Minggu, 12 Maret 2017

Napak Tilas Masjid para Wali



Credit Image: idsejarah.net

Sembilan wali, atau yang lebih familiar dengan walisongo, membangun sebuah masjid yang kemudian menjadi markas dakwah Islam di pulau Jawa. Dahulu, inilah satu-satunya masjid di tanah Jawi. Kini, tak ada yang berubah dari pesonanya. Arsitekturnya yang unik, ditambah berkembangnya cerita mistis, menjadikannya destinasi favorit wisata religi hingga kini.

Inilah Masjid Agung Demak, masjid para wali yang pertama berdiri di Pulau Jawa. Masjid ini pula yang berkiprah besar dalam penyebaran Islam kepada masyarakat Jawi. Mereka para wali yang menjadikan Masjid Agung Demak sebagai pusat dakwah yakni Sunan Ampel, Sunan Kudus, Sunan Gunungjati, Sunan Muria, Sunan Bonang, Sunan Kalijaga, Sunan Darajat, Sunan Giri dan Syekh Lemah Abang atau Siti Jenar.

Konon cerita, Masjid Agung Demak didirikan oleh kesembilan walisongo. Mereka bersama-sama membangun masjid tersebut hanya dalam waktu satu malam. Entah benar atau tidak, inilah yang dipercayai masyarakat. Dengan 'kesaktian' para wali, masjid ini terbangun megah.

Tahun pembangunan masjid hingga kini tak dapat dipastikan. Menurut Babad Demak, masjid ini berdiri pada 1399 tahun saka atau 1477 Masehi. Berbeda dari catatan babad, gambar bulus pada mihrab masjid menunjukkan angka tahun 1401 saka atau 1479 Masehi.

Adapun sang arsitek masjid bukan lain adalah Sunan Kalijaga, salah satu sunan dari walisongo yang terkenal sangat cerdas. Gaya arsitek Masjid Agung Demak merupakan sebuah upaya akulturasi budaya Islam dengan budaya masyarakat setempat. Kita mengenal walisongo merupakan kumpulan ulama negeri ini yang berdakwah melalui upaya akulturasi. Mereka menggunakan budaya yang telah ada sebagai sarana dakwah. Itu pula yang dilakukan Sunan Kaliaga saat mendesain gaya arsitektur Masjid Agung Demak.

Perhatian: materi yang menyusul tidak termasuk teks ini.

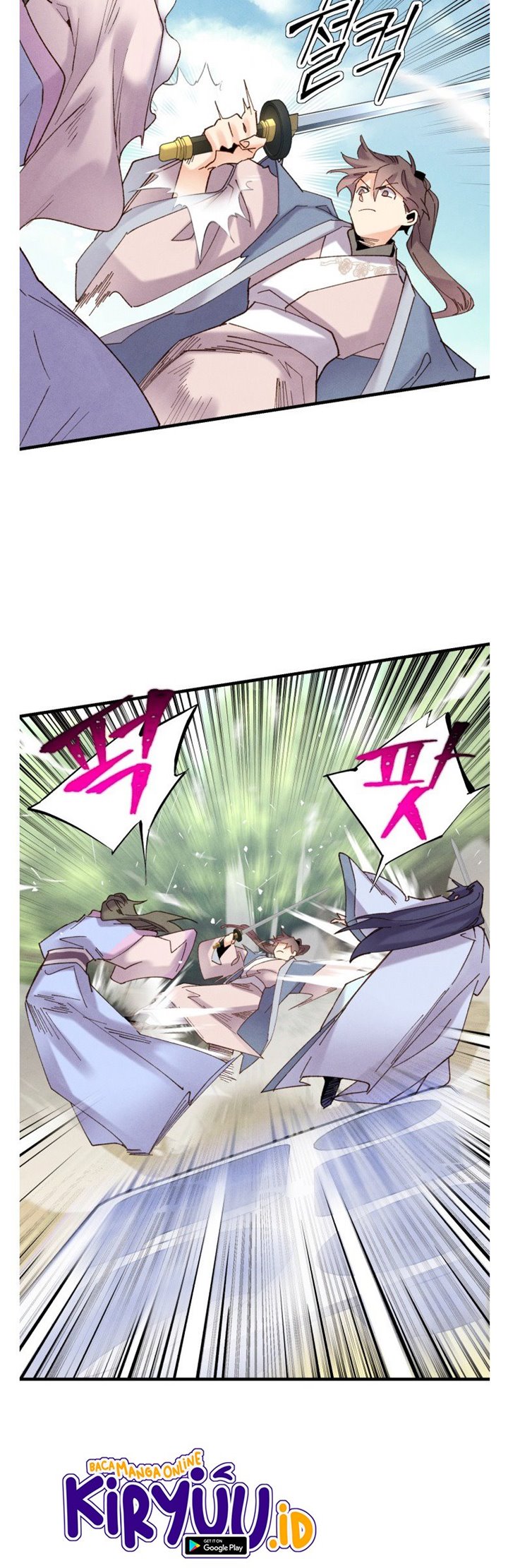 lightning expert Chapter 91 - halaman 18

Saat itu budaya Hindu-Budha lah yang mendominasi masyarakat Indonesia. Maka tak heran jika kemudian bentuk Masjid Agung Demak menyerupai candi ataupun stupa. Hal ini nampak jelas pada bentuk atap masjid yang berundak-undak atau yang disebut dengan meru.

Bentuk meru merupakan sebuah atap dengan susunan yang biasanya berjumlah ganjil. Susunan tersebut makin tinggi makin mengecil hingga membentuk limas. Pada tradisi Hindu-Budha, atap bertingkat mengerucut tersebut menunjukkan makna vertikalitas dan kekuasaan Tuhan.

Karena makna tersebut, setiap bangunan suci Hindu-Budha wajib beratapkan meru. Maka ketika Sunan Kalijaga mendesain gaya masjid yang merupakan bangunan suci umat Islam, sang sunan pun mengadopsi tradisi tersebut. Sebagai upaya akulturasi dengan budaya Islam, atap Masjid Agung Demak dibentuk tumpang tiga yang memiliki arti iman, Islam dan ikhsan.

Di kemudian hari, gaya arsitek Masjid Agung Demak ini menjadi trendsetter masjid-masjid lain di nusantara. Hampir semua masjid di Jawa mengadopsi gaya akulturasi tersebut. Sebut saja Masjid Menara Kudus, Masjid Sunan Kalijaga, Masjid Agung Banten, Masjid Sultan Suriansyah, Masjid Agung Pondok Tinggi, dan lain sebagainya.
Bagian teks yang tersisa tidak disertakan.